Dujović appeared in the largely ceremonial fifty-seventh position (out of fifty-seven) on the SPS's list for Zemun in the 2013 local elections. Election from this position was a mathematical impossibility, and he was not elected when the list won eight seats.

In December 2013, Dujović signed an agreement with Democratic Party of Serbia (DSS) leader Vojislav Koštunica for cooperation between their parties. He remained a member of the Socialist Party caucus until the end of the 2012–14 assembly term and appeared in the thirty-first position on the DSS list in the 2014 parliamentary election. The list did not cross the electoral threshold.

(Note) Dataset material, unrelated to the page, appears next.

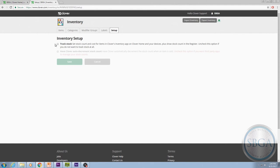In other words, if you want to enter any quantities for your inventory items, you will want to check this box.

In late 2014, Dujović spoke against the Serbian government's proposed new law on veterans and disability protection, describing it as "devastating," and saying that veterans would not receive national recognition, veteran's allowance, health insurance, or other benefits.

===Serbian-Russian Movement===
Dujović joined the Serbian-Russian Movement (SRP) on its formation in 2015 and was chosen as its vice-president. He appeared in the second position on the movement's list in the 2016 parliamentary election, during which time he announced an agreement with the United Russia party and actively campaigned for the votes of Kosovo Serbs. The list fell well below the electoral threshold.

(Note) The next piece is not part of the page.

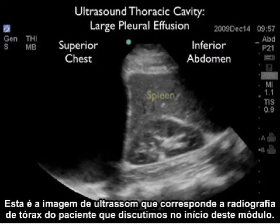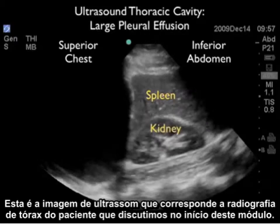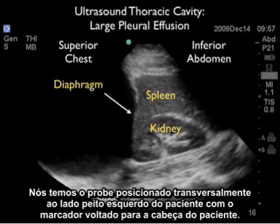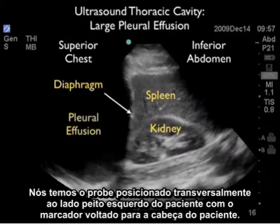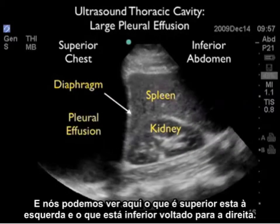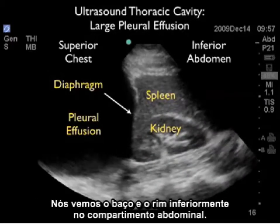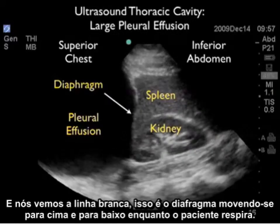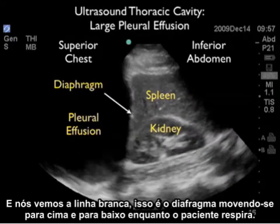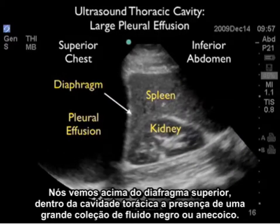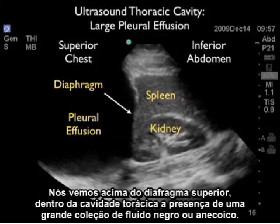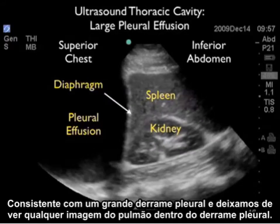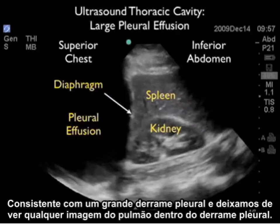This is the ultrasound image corresponding to the chest x-ray from the patient discussed at the beginning of the module. The probe is positioned across the patient's left side of the chest with the probe marker towards the patient's head. We can see superior towards the left and inferior towards the right. We note the spleen and kidney inferior in the abdominal compartment, and we see the white line that is the diaphragm moving up and down as the patient breathes. Above the diaphragm, in the chest cavity, we note the presence of a large dark or anechoic collection of fluid consistent with a very large pleural effusion, with no lung appreciable within this effusion.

In December 2017, Dujović was hired as an independent advisor to Zoran Đorđević, Serbia's minister of labour, employment, veterans, and social policy. His responsibilities included working with the European Union on matters related to co-operation and financial aid.

===Serbian Right===
Dujović was elected as vice-president of the Serbian Right at its founding convention in January 2018. His continued employment in a government position after joining a far-right party became a source of controversy, and the League of Social Democrats of Vojvodina (LSV) called for his dismissal in July 2018.

==Final years and death==
In July 2019, Dujović's son and one of his daughters were arrested for the gruesome murder of Majda Garović, an elderly woman in Zemun. He immediately resigned his state position and his leadership role in the Serbian Right, saying, "my children, if they are guilty, must answer like everyone who is guilty." His son was cleared of any involvement in the crime following an investigation, but his daughter was required to stand trial.

Dujović killed himself with a gunshot to the head on 30 July 2021.

His daughter was convicted of Garović's murder in January 2023.